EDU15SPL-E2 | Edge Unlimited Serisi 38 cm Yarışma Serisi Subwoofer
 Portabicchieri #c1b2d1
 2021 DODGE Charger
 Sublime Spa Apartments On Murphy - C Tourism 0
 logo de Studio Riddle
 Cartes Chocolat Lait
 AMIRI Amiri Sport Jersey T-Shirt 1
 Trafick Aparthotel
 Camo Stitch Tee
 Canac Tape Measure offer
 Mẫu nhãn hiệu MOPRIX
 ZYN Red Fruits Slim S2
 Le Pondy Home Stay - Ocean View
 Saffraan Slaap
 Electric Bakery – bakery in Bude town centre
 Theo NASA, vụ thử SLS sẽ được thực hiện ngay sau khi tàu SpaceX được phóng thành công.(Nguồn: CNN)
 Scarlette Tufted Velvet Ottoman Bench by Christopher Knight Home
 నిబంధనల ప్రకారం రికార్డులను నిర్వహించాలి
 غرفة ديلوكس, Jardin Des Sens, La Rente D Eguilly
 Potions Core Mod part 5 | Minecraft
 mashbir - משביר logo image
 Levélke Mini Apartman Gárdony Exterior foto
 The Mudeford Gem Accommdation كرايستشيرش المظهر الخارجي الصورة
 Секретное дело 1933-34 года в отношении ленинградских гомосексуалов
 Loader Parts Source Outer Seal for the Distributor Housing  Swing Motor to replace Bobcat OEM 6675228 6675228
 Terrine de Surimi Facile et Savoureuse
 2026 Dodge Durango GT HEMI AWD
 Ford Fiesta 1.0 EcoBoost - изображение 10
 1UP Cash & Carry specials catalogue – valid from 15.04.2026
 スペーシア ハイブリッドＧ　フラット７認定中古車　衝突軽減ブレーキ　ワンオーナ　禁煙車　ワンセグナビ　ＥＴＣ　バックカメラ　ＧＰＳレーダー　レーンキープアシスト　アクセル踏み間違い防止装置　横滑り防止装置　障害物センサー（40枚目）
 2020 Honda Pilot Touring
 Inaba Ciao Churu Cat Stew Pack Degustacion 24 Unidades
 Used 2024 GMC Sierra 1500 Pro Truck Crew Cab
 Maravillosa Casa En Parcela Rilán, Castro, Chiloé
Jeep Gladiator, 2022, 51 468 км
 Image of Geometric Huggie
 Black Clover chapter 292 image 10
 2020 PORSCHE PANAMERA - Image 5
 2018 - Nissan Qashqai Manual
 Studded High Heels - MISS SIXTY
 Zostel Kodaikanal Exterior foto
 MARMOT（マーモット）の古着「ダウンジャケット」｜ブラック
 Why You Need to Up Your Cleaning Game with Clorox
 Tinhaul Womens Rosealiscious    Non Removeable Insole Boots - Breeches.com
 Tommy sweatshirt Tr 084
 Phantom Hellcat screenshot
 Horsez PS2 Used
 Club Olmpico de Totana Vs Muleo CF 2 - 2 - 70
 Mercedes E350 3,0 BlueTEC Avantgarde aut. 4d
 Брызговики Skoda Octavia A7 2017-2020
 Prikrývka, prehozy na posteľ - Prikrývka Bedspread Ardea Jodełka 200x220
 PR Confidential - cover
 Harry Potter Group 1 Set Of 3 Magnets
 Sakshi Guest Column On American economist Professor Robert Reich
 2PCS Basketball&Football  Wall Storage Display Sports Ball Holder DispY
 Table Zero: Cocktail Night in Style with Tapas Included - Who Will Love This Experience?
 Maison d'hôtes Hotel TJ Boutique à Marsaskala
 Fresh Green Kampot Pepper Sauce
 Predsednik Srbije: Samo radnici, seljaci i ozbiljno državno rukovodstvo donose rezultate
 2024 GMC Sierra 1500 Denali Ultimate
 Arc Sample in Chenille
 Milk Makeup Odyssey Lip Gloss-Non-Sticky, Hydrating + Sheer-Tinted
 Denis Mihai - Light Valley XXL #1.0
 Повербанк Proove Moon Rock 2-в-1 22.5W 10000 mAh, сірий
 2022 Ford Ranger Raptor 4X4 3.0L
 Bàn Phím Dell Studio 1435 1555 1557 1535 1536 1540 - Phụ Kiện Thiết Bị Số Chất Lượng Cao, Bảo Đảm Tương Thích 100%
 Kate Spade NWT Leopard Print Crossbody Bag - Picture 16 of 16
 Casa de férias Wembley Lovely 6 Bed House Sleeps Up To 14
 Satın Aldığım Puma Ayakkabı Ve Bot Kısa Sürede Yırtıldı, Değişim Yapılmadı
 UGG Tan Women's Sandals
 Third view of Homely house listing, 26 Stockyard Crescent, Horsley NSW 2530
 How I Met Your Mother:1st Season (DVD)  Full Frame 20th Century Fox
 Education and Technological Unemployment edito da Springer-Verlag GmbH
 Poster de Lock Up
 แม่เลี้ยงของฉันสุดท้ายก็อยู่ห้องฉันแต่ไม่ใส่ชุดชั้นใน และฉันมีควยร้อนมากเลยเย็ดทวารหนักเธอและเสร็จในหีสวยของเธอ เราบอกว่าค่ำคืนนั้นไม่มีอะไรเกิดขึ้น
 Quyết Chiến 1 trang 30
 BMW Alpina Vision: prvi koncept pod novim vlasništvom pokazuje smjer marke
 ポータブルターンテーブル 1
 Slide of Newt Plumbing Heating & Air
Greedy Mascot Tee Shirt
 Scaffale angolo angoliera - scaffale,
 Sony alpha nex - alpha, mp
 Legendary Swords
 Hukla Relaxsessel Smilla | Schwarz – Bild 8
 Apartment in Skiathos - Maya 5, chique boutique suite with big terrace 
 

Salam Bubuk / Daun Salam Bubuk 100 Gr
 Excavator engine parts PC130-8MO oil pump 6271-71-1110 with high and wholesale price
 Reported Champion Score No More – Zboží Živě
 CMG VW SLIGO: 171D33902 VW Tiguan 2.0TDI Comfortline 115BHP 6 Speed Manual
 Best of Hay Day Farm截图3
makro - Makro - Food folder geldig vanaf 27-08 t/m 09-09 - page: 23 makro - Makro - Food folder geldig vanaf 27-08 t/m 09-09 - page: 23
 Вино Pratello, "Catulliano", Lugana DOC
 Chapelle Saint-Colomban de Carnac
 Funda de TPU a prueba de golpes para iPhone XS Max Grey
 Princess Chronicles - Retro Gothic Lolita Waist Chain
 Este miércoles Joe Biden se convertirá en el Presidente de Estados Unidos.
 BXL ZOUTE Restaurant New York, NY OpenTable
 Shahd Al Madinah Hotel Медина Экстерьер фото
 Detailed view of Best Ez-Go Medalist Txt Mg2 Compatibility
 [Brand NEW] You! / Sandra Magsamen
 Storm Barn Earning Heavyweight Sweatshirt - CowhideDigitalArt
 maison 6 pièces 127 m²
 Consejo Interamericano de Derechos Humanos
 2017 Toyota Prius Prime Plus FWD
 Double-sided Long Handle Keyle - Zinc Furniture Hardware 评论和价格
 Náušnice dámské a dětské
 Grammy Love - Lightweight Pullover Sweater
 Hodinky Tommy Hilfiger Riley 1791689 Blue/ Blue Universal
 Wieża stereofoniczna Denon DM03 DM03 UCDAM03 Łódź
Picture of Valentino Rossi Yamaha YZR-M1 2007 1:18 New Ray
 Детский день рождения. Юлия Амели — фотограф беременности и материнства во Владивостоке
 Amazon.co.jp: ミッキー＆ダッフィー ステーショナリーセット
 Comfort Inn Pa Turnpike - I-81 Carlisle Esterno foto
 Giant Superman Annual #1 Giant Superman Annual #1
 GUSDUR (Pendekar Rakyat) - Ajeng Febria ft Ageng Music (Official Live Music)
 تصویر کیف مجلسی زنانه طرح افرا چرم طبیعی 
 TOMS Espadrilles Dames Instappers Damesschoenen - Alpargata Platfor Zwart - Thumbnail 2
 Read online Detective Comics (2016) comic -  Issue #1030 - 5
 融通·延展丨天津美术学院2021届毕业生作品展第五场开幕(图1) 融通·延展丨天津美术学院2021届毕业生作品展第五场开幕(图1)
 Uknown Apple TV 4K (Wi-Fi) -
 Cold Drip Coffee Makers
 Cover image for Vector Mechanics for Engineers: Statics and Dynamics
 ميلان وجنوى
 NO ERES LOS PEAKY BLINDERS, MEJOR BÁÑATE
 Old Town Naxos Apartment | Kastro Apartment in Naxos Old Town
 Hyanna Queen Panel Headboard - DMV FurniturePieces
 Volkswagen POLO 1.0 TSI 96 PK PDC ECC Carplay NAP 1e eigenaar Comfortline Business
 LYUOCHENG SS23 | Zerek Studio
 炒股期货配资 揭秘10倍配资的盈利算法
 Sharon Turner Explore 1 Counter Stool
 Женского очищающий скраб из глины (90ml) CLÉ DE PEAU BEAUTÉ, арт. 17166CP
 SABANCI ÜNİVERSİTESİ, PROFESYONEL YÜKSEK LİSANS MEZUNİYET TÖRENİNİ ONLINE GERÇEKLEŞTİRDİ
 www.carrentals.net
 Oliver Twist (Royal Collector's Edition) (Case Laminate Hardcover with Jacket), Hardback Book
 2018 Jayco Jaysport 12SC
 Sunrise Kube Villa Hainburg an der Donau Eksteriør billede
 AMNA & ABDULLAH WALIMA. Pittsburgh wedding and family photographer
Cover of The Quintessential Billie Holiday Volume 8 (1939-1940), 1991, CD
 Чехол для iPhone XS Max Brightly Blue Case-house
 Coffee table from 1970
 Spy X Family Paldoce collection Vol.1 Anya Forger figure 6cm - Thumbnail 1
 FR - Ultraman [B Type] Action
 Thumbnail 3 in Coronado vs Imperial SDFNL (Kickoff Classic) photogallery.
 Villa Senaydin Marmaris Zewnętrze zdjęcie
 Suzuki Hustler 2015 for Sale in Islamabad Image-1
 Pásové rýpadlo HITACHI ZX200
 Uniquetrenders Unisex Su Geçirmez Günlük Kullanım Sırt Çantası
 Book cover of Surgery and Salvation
----
PROMPT:
The required output is each line of the entries that contains the word "Villa".

EXERCISE RESULT:
 Sunrise Kube Villa Hainburg an der Donau Eksteriør billede
 Villa Senaydin Marmaris Zewnętrze zdjęcie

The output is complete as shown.